* **Records to use**:
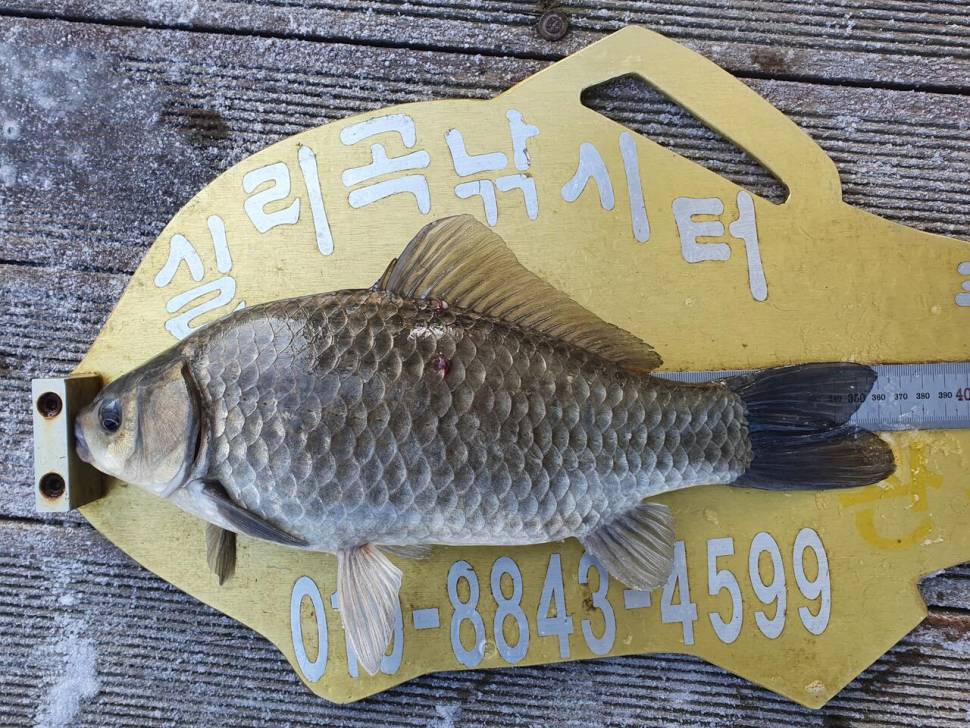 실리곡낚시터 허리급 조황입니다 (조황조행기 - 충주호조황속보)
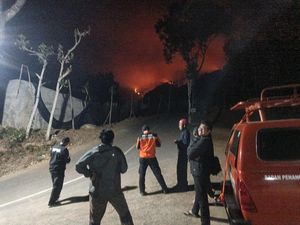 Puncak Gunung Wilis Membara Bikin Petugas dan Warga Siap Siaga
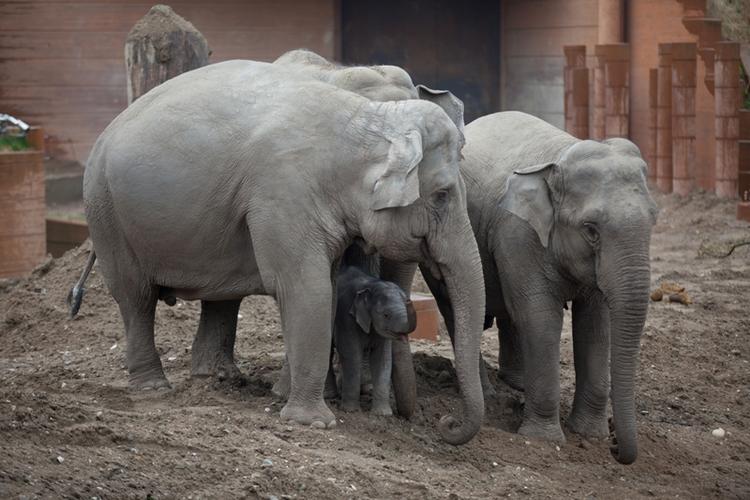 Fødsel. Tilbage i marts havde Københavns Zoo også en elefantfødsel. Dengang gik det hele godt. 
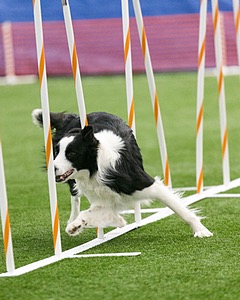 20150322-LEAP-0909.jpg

--

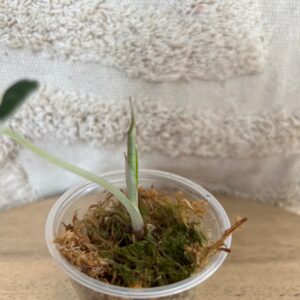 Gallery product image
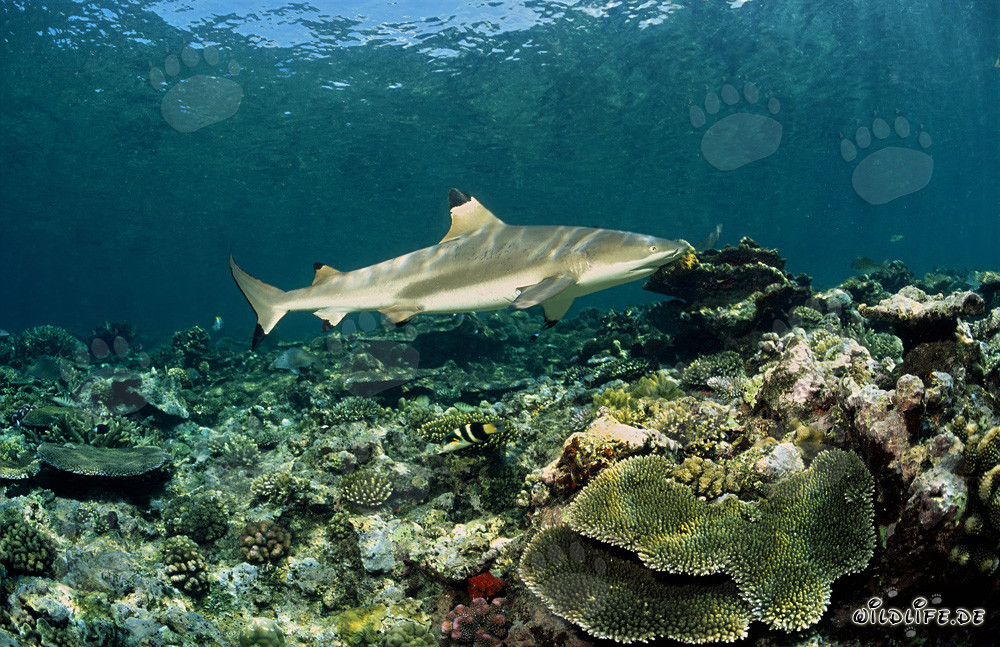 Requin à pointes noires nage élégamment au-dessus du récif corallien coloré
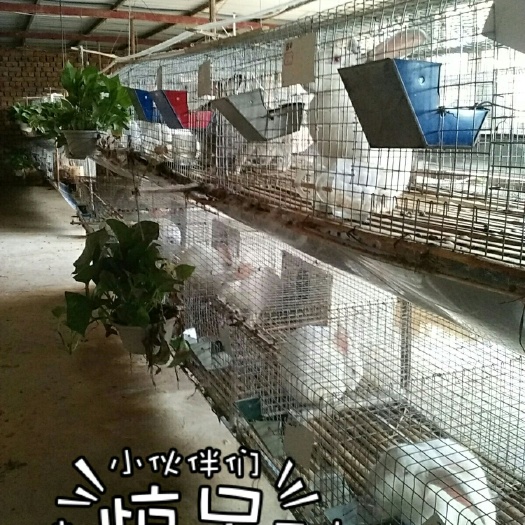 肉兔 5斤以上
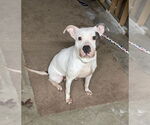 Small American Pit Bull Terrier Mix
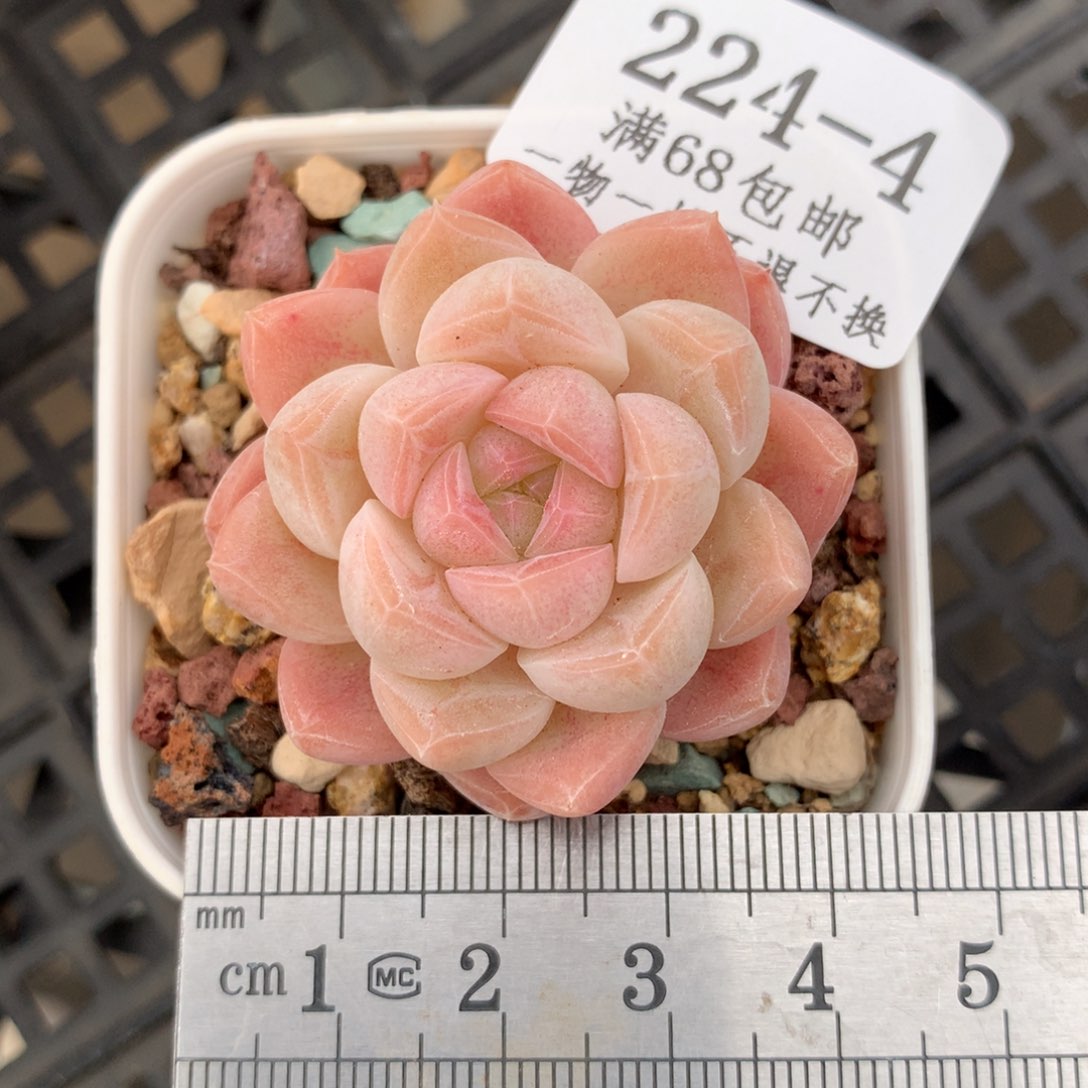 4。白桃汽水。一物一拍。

--

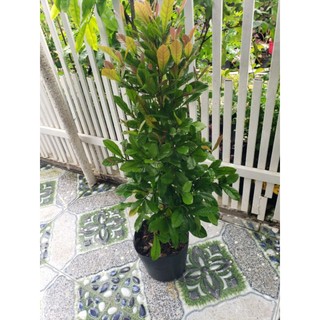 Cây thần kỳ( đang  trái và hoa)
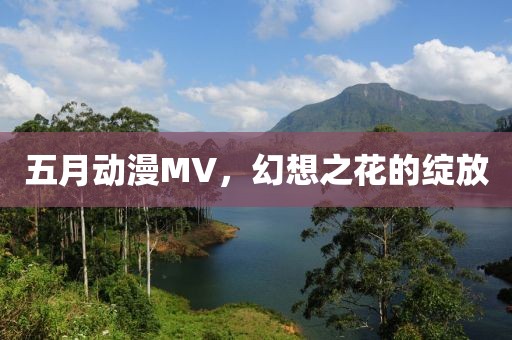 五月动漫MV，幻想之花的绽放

* **Activity**: What is needed is an exact copy of only the lines above from the one with "실리곡낚시터 허리급 조황입니다 (조황조행기 - 충주호조황속보)" to the one with "20150322-LEAP-0909.jpg", both kept, with every picture left out.

* **Task output**:
 실리곡낚시터 허리급 조황입니다 (조황조행기 - 충주호조황속보)
 Puncak Gunung Wilis Membara Bikin Petugas dan Warga Siap Siaga
 Fødsel. Tilbage i marts havde Københavns Zoo også en elefantfødsel. Dengang gik det hele godt. 
 20150322-LEAP-0909.jpg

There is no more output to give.